# freezing beans question



## truegrace (Jan 29, 2014)

picked up 2kg of beans this morning as that seems to do me a month nowadays, but was debating freezing the second bag as wont be in it for 3 weeks allowing for a weeks rest.

is this worth doing? the beans were only roasted yesterday so should be more or less good anyway by the end of thesecond bag.

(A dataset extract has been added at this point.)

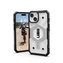 UAG Pathfinder MagSafe, ice - iPhone 15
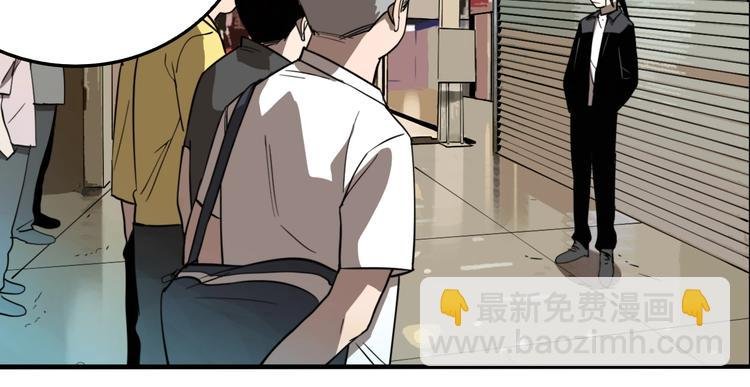 第24话 过去…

if i am going to freeze them, is it best to freeze them as a 1kg un opened pack or split it down to 250g then just get them out when i need them?


----------



## The Systemic Kid (Nov 23, 2012)

Beans are at their best for a month from roasting and useable for a couple of months after that. If you want to freeze make sure the container is airtight and free from moisture. Don't re-freeze.


----------



## dwalsh1 (Mar 3, 2010)

I buy from Rave and freeze as soon as they come through the door. Whack em in 200 gram Kilner jars and straight in the freezer.


----------



## Rdl81 (Sep 8, 2014)

What's the best way to defrost?


----------



## urbanbumpkin (Jan 30, 2013)

Rdl81 said:


> What's the best way to defrost?


I just take the container out of the freezer and leave it some where dark for 2-3 hours before use.


----------



## jeebsy (May 5, 2013)

urbanbumpkin said:


> leave it some where dark for 2-3 hours before use.

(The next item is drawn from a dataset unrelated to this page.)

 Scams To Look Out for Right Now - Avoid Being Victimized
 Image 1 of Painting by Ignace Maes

The inner recesses of my mind is usually good for that


----------



## urbanbumpkin (Jan 30, 2013)

jeebsy said:


> The inner recesses of my mind is usually good for that


Surely too cold there to defrost


----------



## Rdl81 (Sep 8, 2014)

Do they give off monster once defrosted ie do I take them out of freezer and put them in a jar I am going to keep them in for the next week whilst I use them?


----------



## The Systemic Kid (Nov 23, 2012)

Rdl81 said:


> What's the best way to defrost?


Let them come up to room temp for a couple of hours. You want to avoid any condensation.


----------



## urbanbumpkin (Jan 30, 2013)

Rdl81 said:


> Do they give off monster once defrosted ie do I take them out of freezer and put them in a jar I am going to keep them in for the next week whilst I use them?


Monster!?!? 

When I've frozen them I've either decanted them into small click lock containers (that hold approx 80-100g) or in the original 250g bags with tape over the one way valve.

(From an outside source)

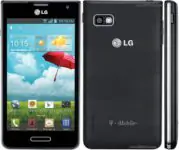LG Optimus F3 reparation-lg-optimus-f3-t-mobile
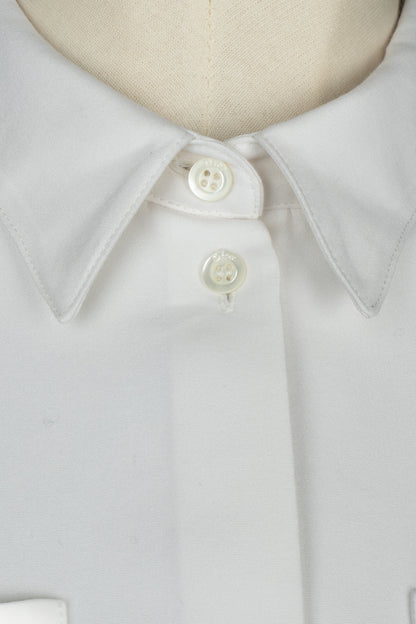 Chemisier Christian Dior Resort 2016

When I defrost I keep them in the same containers. Bags I take the tape off the one way valve when they're out of my the freezer


----------



## Rdl81 (Sep 8, 2014)

Yes my 2 1/2 year old is always saying monsters are coming and we need to hide in the princess castle so need to be sure it's safe......


----------



## Bigpikle (Oct 14, 2014)

have vacuum packed using a domestic vacuum sealer before now - good space saver and a decent domestic unit removes virtually all the air. Handy for freezing small batches and can then keep swapping to different beans easily.


----------